Larkles just answered my post about veg growning, I thought veg and gardening were different DOH!!!!

well i feel like a total dunce, me and dh have planted everything pretty much, carrots potatoes, leeks, cabage, parsnips,  onions the packets said feb/march so we got digging and since reading some of your posts it looks like we're far too early, its our very first attempt you see so we're really pretty clueless.  however we have some pete pots germinating in our 3 teir green house thingy, that has some seedlings popping through but I'm not sure when to plant or really how to  plant.... but at least we have a back up from the patch.  I also got a rasperry tree from poundland. they had gooseberries etc too by the way.

I've also grew some herbs and currently have some corriander growing, soo we'll see if I manage these

the snow over the weekend will probably ruin the patch of seeds won't it??

Donna


----------



## Jennifer (Jul 22, 2004)

Donna - Some of what you have put in will be ok, some will fail.  But that will happen with anything you plant in summer too   Just keep at it   Its in April that the veg growing season really kicks off - veg likes a lot of light so our longer days suit them better after March  

The main thing is to enjoy it - then, whatever you get to eat will be a bonus


----------



## ♥Saila♥ (Mar 27, 2006)

My 3 tier greenhouse has collapsed this morning whilst I am at work and DH didn't have chance   to sort it out while I am at work!
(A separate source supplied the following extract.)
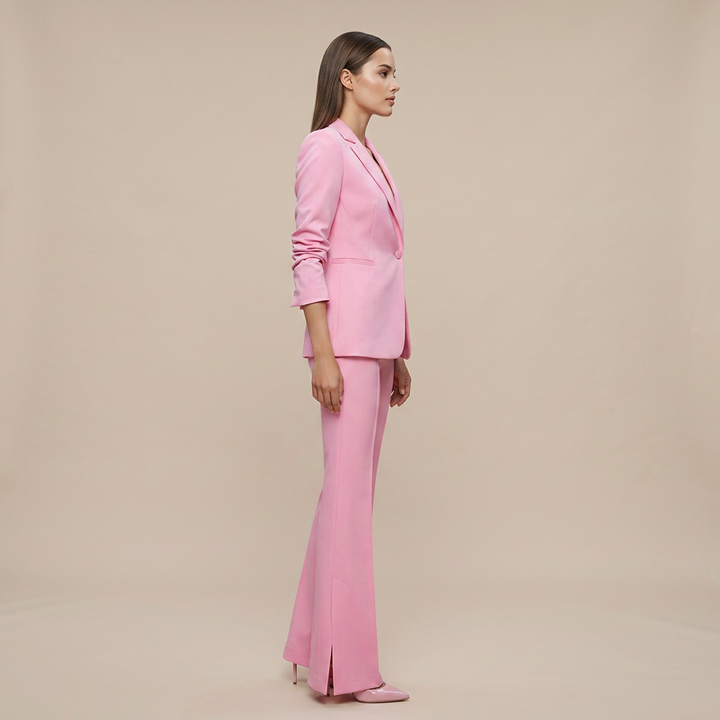 Single-Breasted Notched Lapel Blazer &amp; Split Flared Pants Suit Set-Vyana Collective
Needless to say I am distraught!!   Dreading going home to find all is lost with all those seeds I planted!


----------



## larkles (Jun 29, 2005)

Aw Sailace hun-sorry to hear about your greenhouse. Mine is a pain in the B*tt with all the winds over the weekend we have lost Another frigging panel, and the rollers on the door-one completely missing   dh says he never wants to put up another greenhouse in his life 

Hi Donna-glad you found us  
It's all trial and error, am not sure if anything will I'm growing will produce vegetables although am sure they will, don't worry about it too much it will be nice to see what comes out 

Larkles


----------



## Young D (Oct 17, 2005)

We have two large concrete blocks in the bottom tier of our greenhouse cos we live in the winyest village on the planet 

So see with the pete pots am I right in thinking you can just put them straight in the ground then? if so when, some of my seedlings are at two leif stage.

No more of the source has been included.